## [Work instruction]
Restate all the data word for word and omit the pictures.

## [Excerpted data]
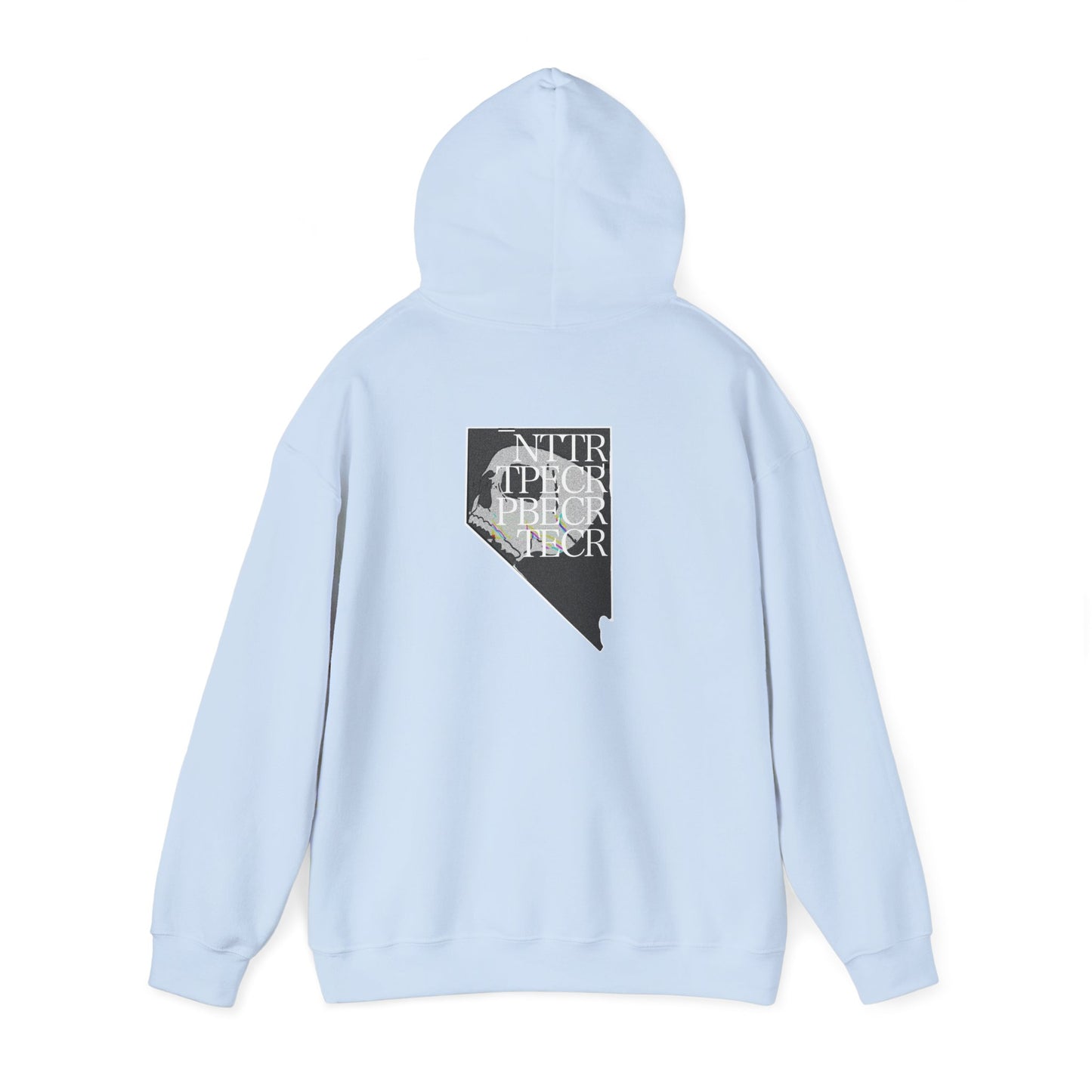HUMAN RESOURCES HOODIE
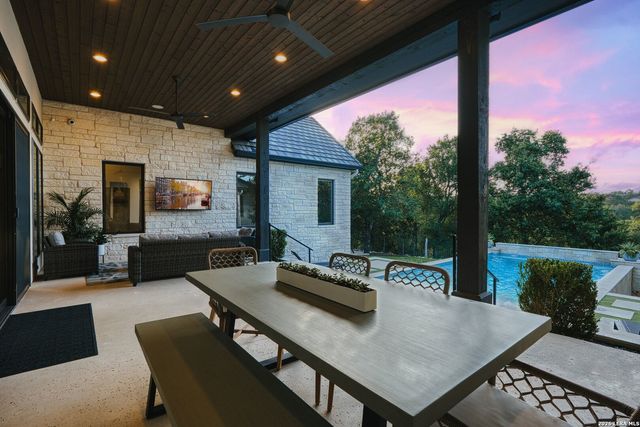 44 LANDMARK RDG, Boerne, TX 78006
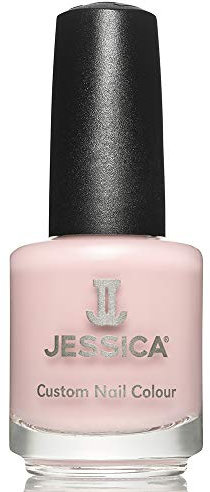 JESSICA | Custom Colour Midi Nail Polish | Award Winner Nail Polish, strengthen nails, long-lasting salon professional finish | Baby Doll | 14.8 ml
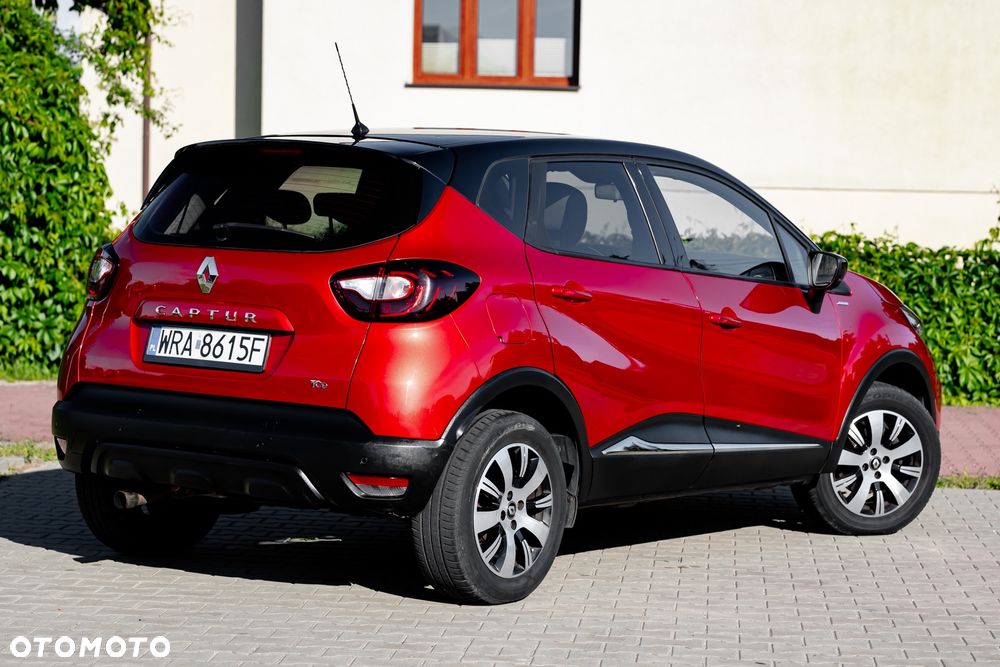 Renault Captur - 8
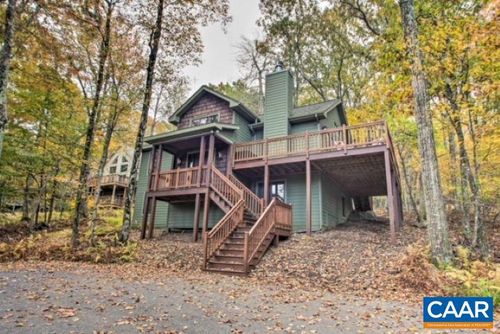 280 Fawn Ridge Dr, Wintergrn Rst, VA, 22967-8101 | Card Image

## [Written answer]
HUMAN RESOURCES HOODIE
 44 LANDMARK RDG, Boerne, TX 78006
 JESSICA | Custom Colour Midi Nail Polish | Award Winner Nail Polish, strengthen nails, long-lasting salon professional finish | Baby Doll | 14.8 ml
 Renault Captur - 8
 280 Fawn Ridge Dr, Wintergrn Rst, VA, 22967-8101 | Card Image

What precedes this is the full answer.